I was reading over Cliff Shnier’s June 2008 column on InsideCounsel.com entitled "A time to reap, a time to cull." It is an excellent, concise overview of the workflow required for a successful e-discovery project, sprinkled with several doses of common sense on collecting and processing ESI.
Toward the end, Cliff discusses the perils of too-hastily concocting a list of keywords used for filtering and culling electronic data. He points readers to In Re Seroquel Products Liability Litigation, 244 F.R.D. 650 (D. Fla. 2007) (generously hosted on the Electronic Discovery Blog; good cases summaries located here and here).
I dug a little deeper into the case, and discovered a fascinating litany of delinquent behavior surrounding basic principles of e-discovery. The Court was not happy.
First, the Court lists the shortcomings of defendant’s production:
"… although [Defendant] has a system to deliver voicemail, faxes, and video into Outlook inboxes, none has been produced; there are few emails from some custodians, and email boxes are missing from alternative email boxes. Plaintiffs also contend that many relevant emails and documents were not identified and produced because [Defendant] performed an unreasonable key word search."
And in a footnote, the Court provides some examples of words and phrases that were omitted from the "unreasonable key word search:"
"Seroquel’s generic name [(The case involves a slew of cases over the anti-psychotic drug Seroquel)], acronyms for diabetes, hyperglycaemia spelled the British way; and endocrine. The search method apparently failed to include common misspellings or the singular forms of words and failed to make allowance for spaces or dashes."
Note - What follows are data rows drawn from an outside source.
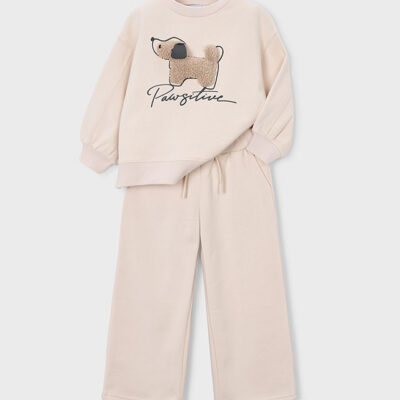 Mayoral Neutral Dog Track Suit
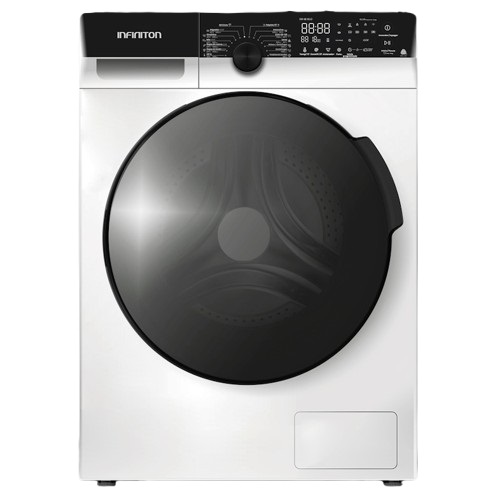 Máquina de lavar de carga frontal INFINITON WM-G124AWL, 12 kg, 1400 rpm, inversor, 14 programas, B, aço inoxidável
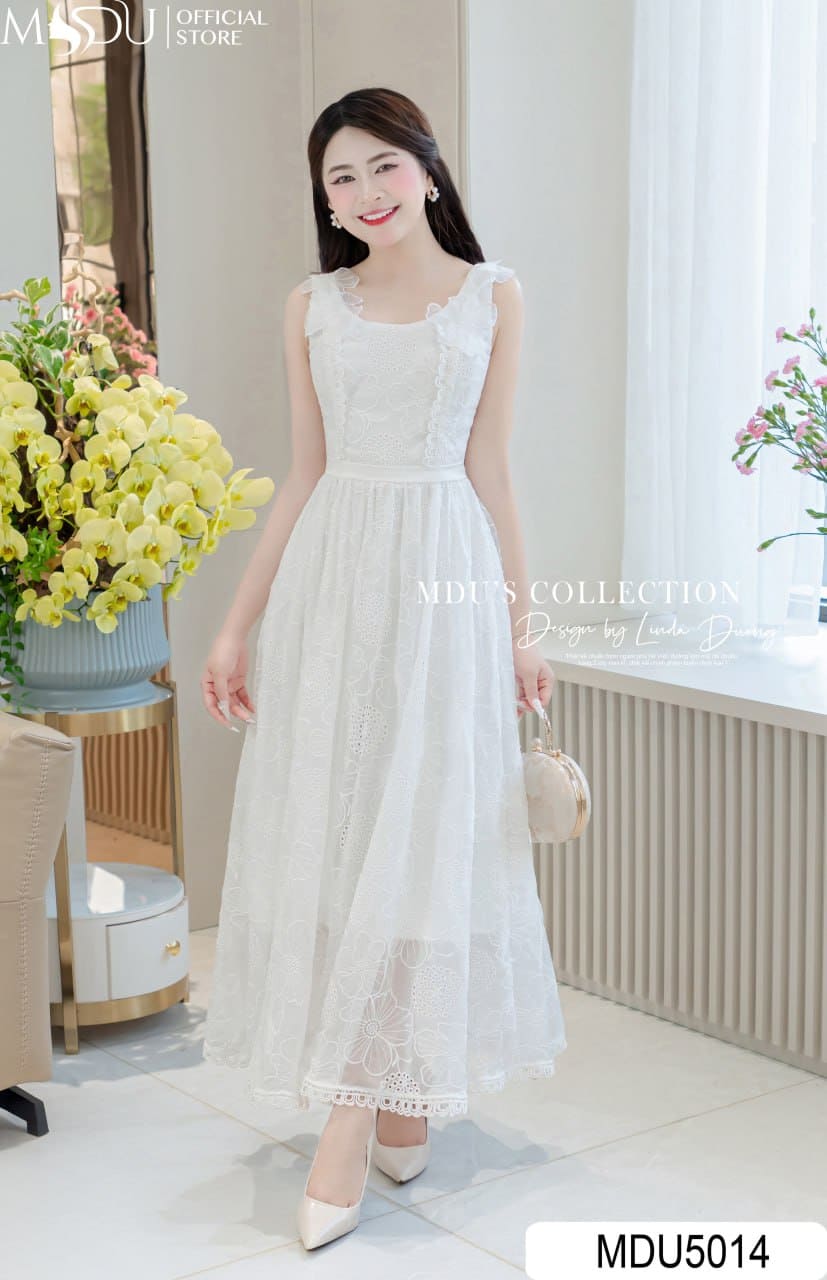 [🛒🇻🇳]Váy Thiết Kế MDU5014 Ren Hoa Nổi Trắng Tinh Khôi Dáng Xòe – , SKU – – mdufashion.com 🇻🇳🛒Top1Shop🛒 🇻🇳Top1Vietnam🇻🇳 🛍🛒🇻🇳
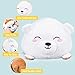 Double-Sided Flip Plush Toy,Reversible Stuffed Animal Mood Plush Flip Show Your Mood at All Times (Bear)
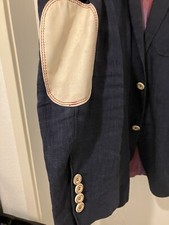 super Club of Gents Sakko mit Patches Gr. 52 Doppelschlitz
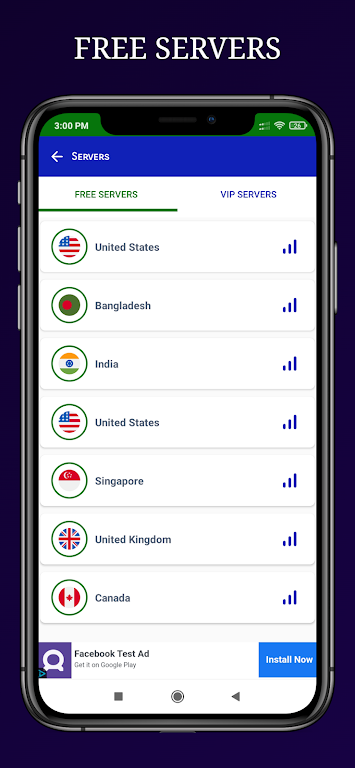 FastNet VPN : Secure VPN Proxy Screenshot1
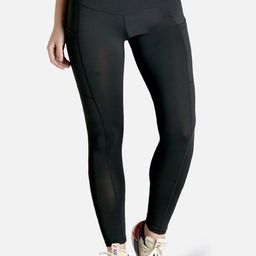 MAKCLAN Women Black Solid Sports Tights-image-10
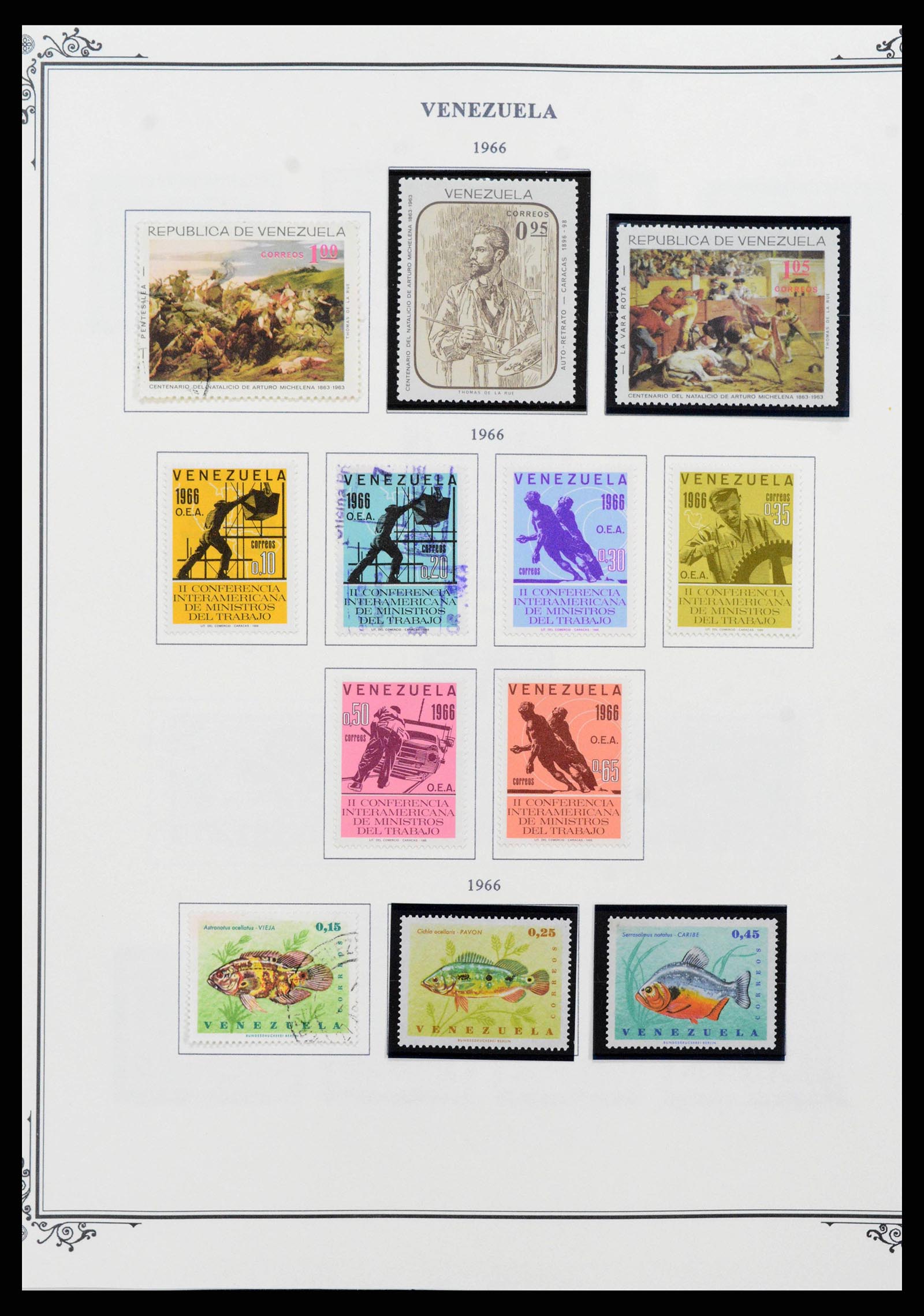 38362 0060 - Postzegelverzameling 38362 Venezuela 1859-1992.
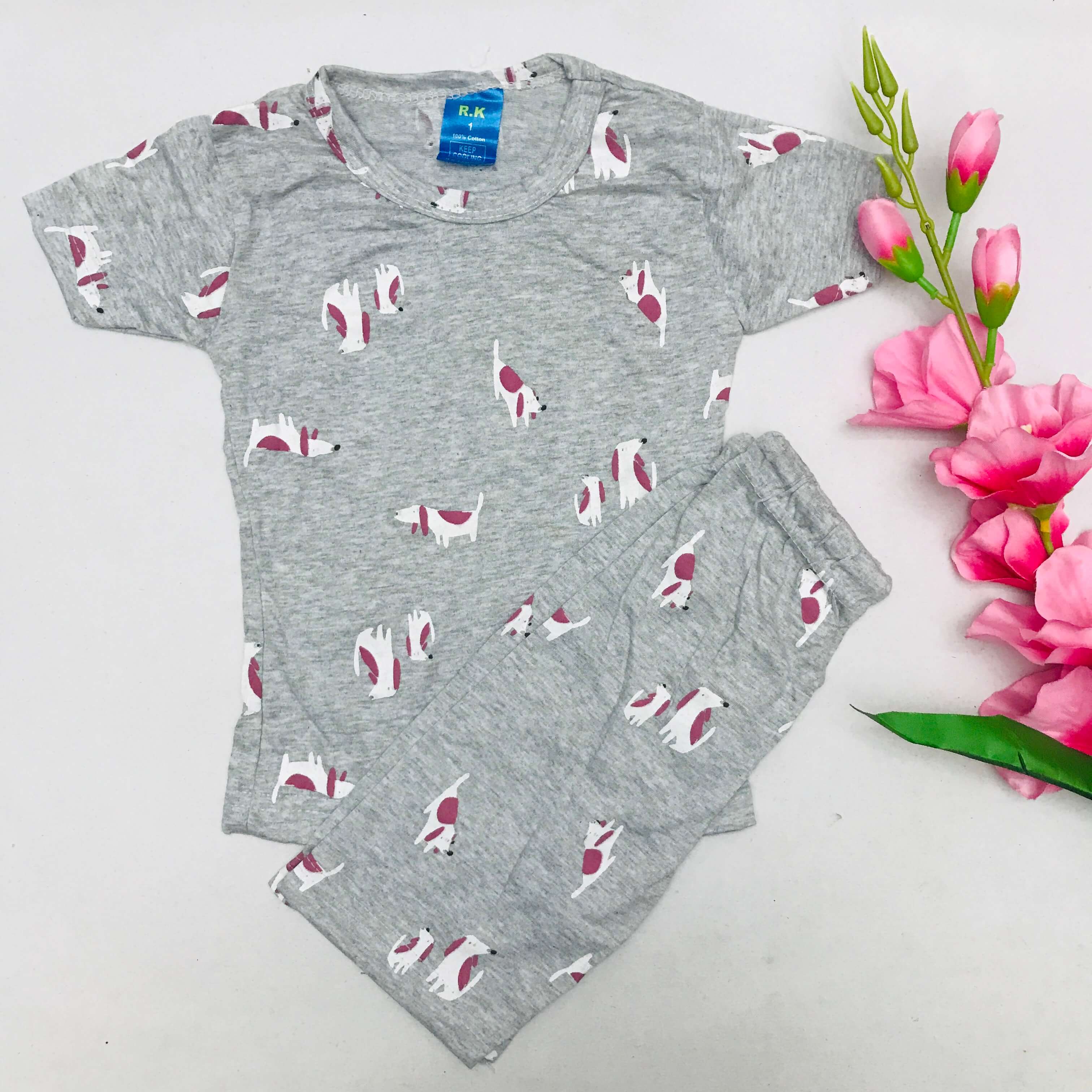 Kids Printed Shorts Set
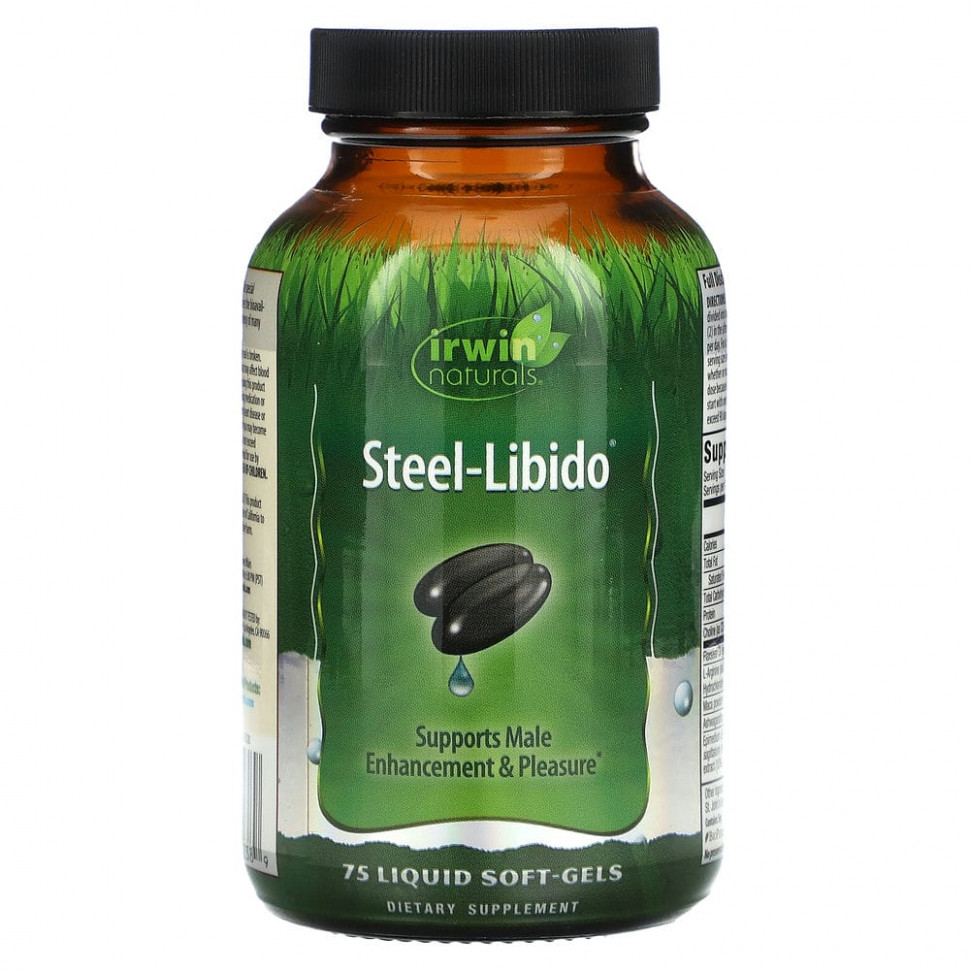 Irwin Naturals, Steel Libido, 75       4770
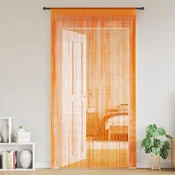 Nižaste zavjese 2 kom narancaste 140x250 cm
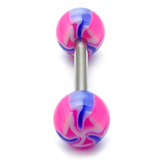 Acrylic Electric Barbell 1.6x16mm / 5 / Pink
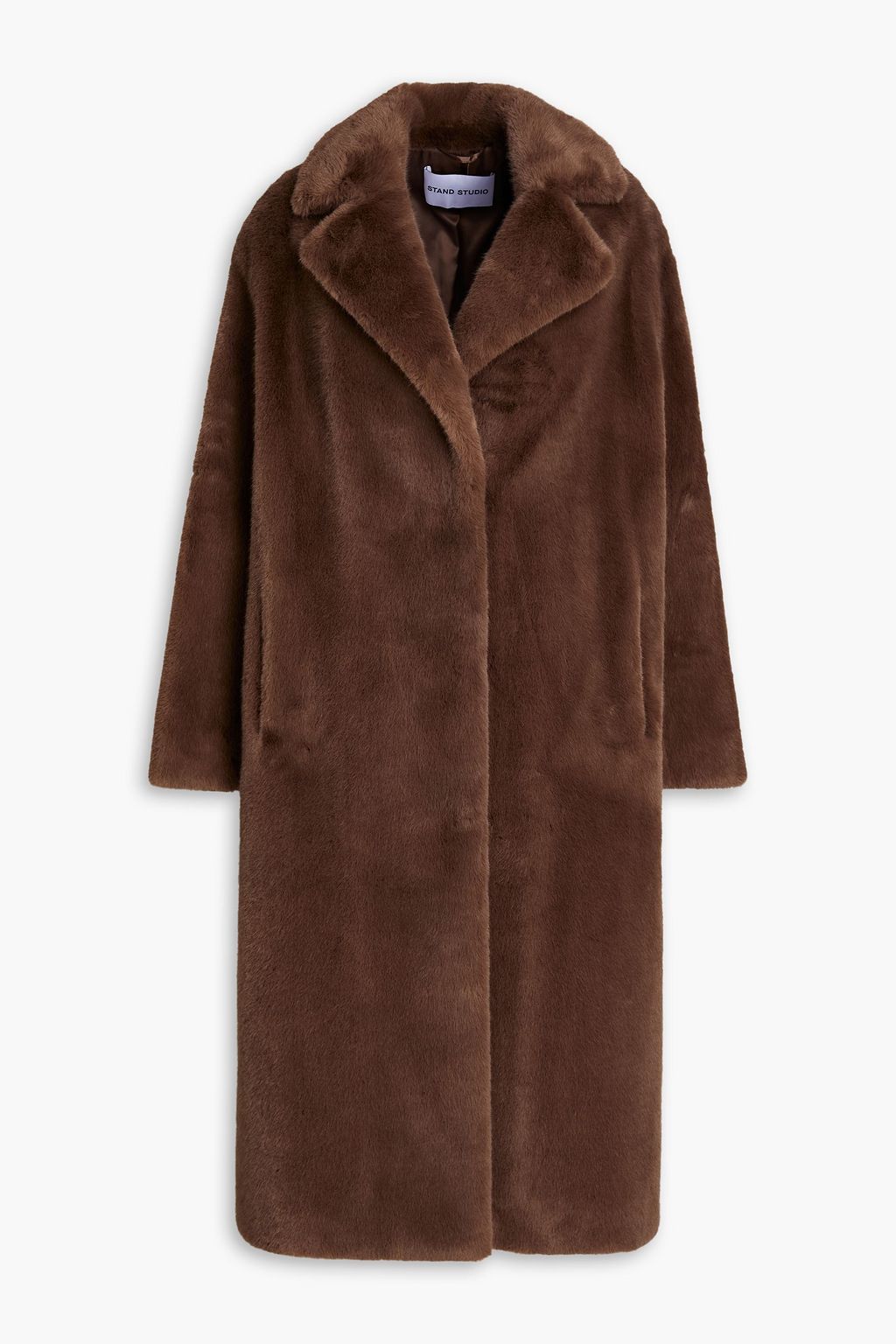 Fur oversized coat discount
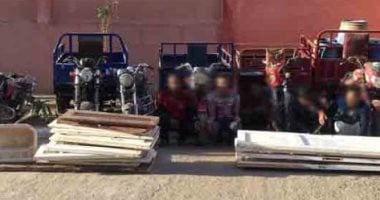 ضبط 4 متهمين كونوا عصابة لسرقة الدراجات النارية والمساكن بسوهاج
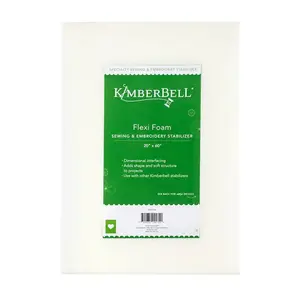 Kimberbell Flexi Foam: Sewing & Embroidery Stabilizer 20 in x 60 in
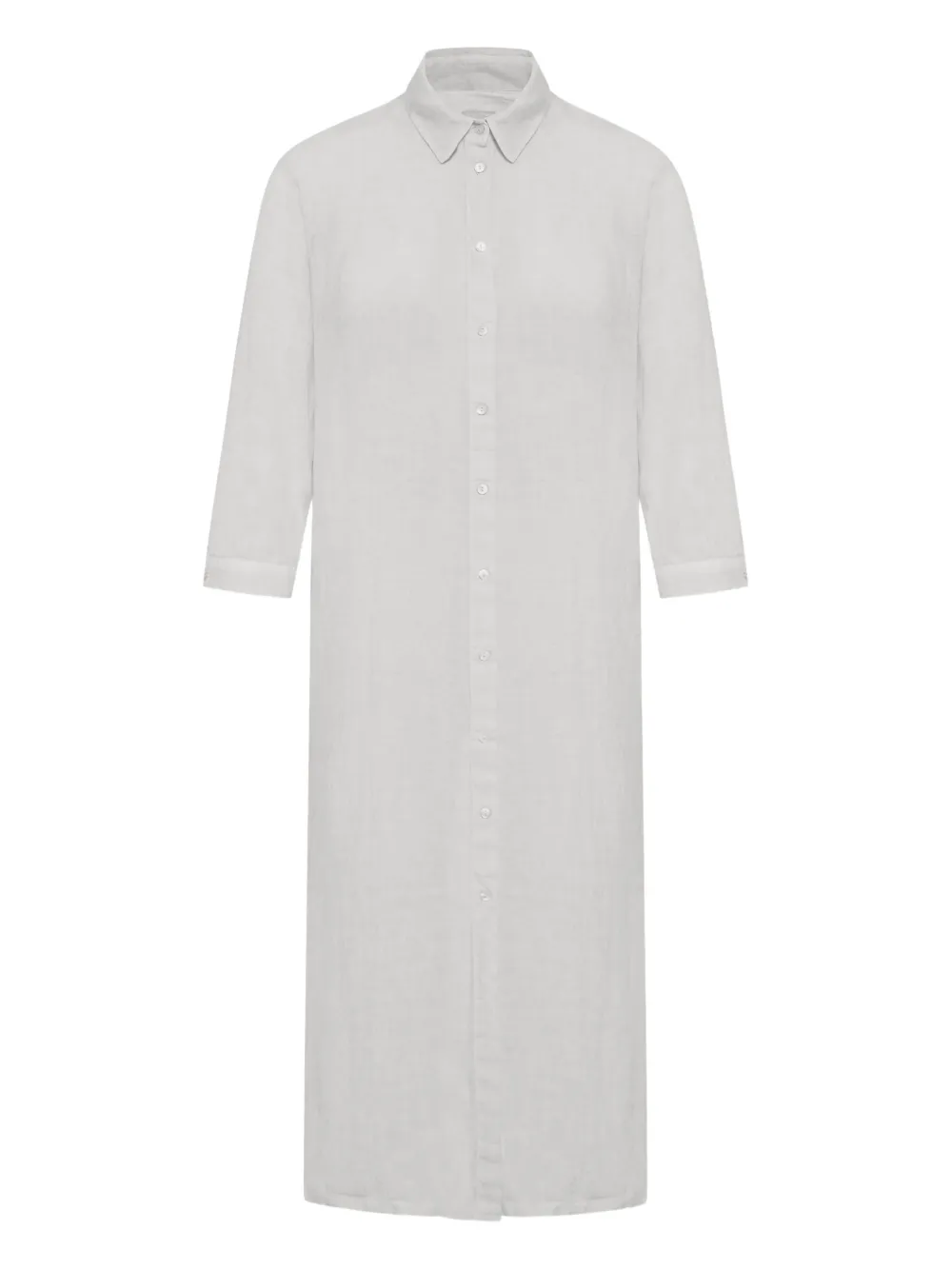 120% Lino linen shirt dress - ホワイト 120% Lino linen shirt dress - ホワイト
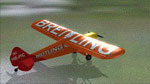 Screenshot of Breitling Piper Super Cub on the ground.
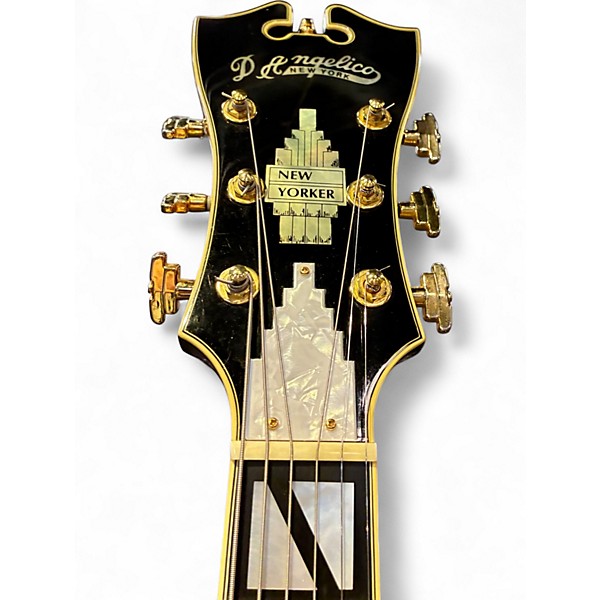 Used 2005 D'Angelico NYL-2DH Tobacco Sunburst Hollow Body Electric Guitar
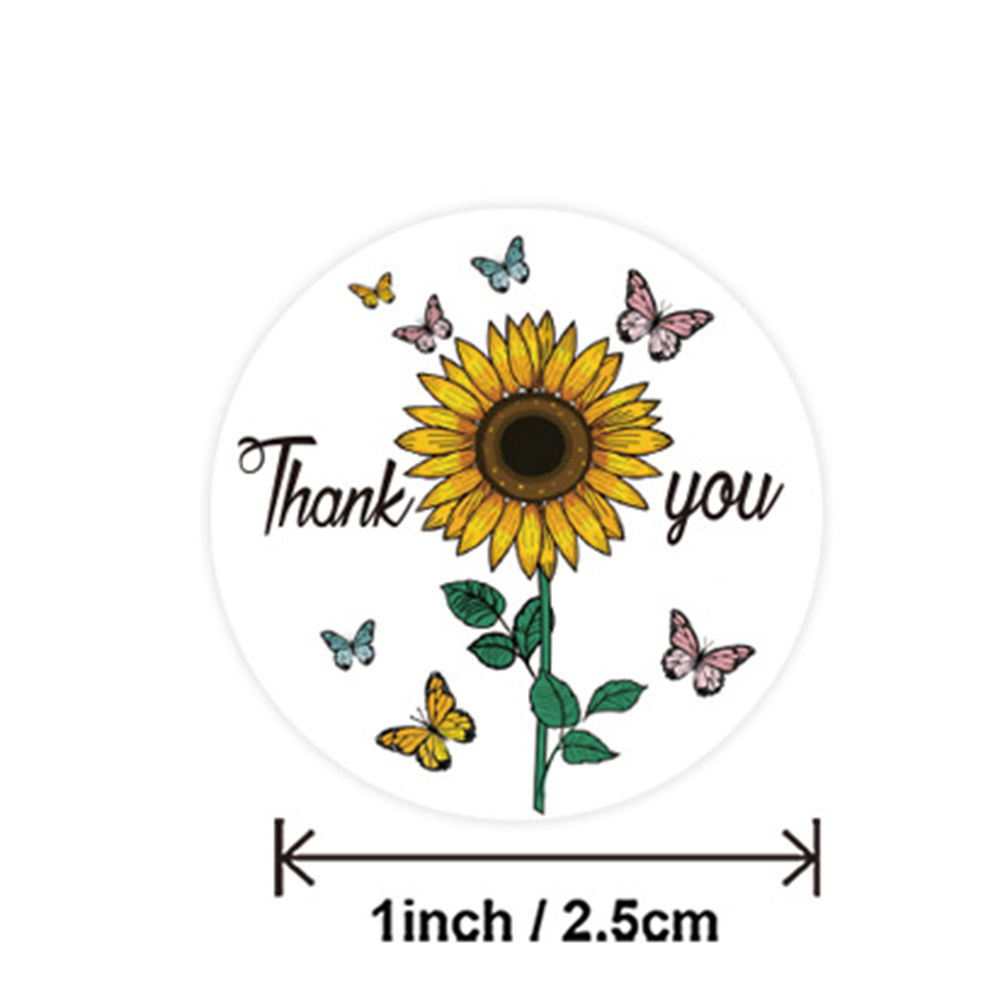 100-500pcs Round Thank You Sti - Wedding Sutra 评论和价格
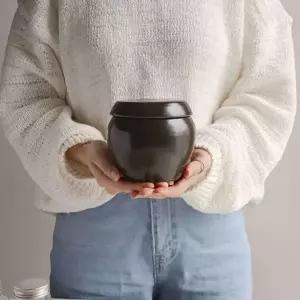 전통 도자기 소형 항아리 장독 소금 미니장독 숨쉬는장독 소금장독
The Court doesn’t let the issue rest:
"The key word search was plainly inadequate. … While key word searching is a recognized method to winnow relevant documents from large repositories, use of this technique must be a cooperative and informed process. rather than working with Plaintiffs from the outset to reach agreement on appropriate and comprehensive search terms and methods, [Defendant] undertook the task in secret."
As you can imagine, the Court would have rather the parties agreed on a set of key words together. I especially like how the court ever-so-gingerly emphasized the importance of having technical expertise at these meetings:
"Many of the other technical problems identified by Mr. Martin and Mr. Jaffe [e-discovery specialists for the plaintiff] likely could have been resolved far sooner and less expensively had [Defendant] cooperated by fostering consultation between the technical staffs responsible for production. Instead, [Defendant] shielded its third party technical contractor from all contact with Plaintiffs. This approach is antithetical to the Sedona Principles and is not an indicium of good faith."
After dismissing other arguments from the Defendant, and recognizing that many of the disagreements could have easily been worked out in a more efficient manner, the Court provides a strong conclusion:
"The Court finds that [Defendant] has been ‘purposely sluggish’ in making effective production to Plaintiffs. … It is undisputed that the [completed production] … had load file, metadata, page break and key word search problems, making the 10 million pages of documents unaccessible, unsearchable, and unusable as contemplated under the Rules."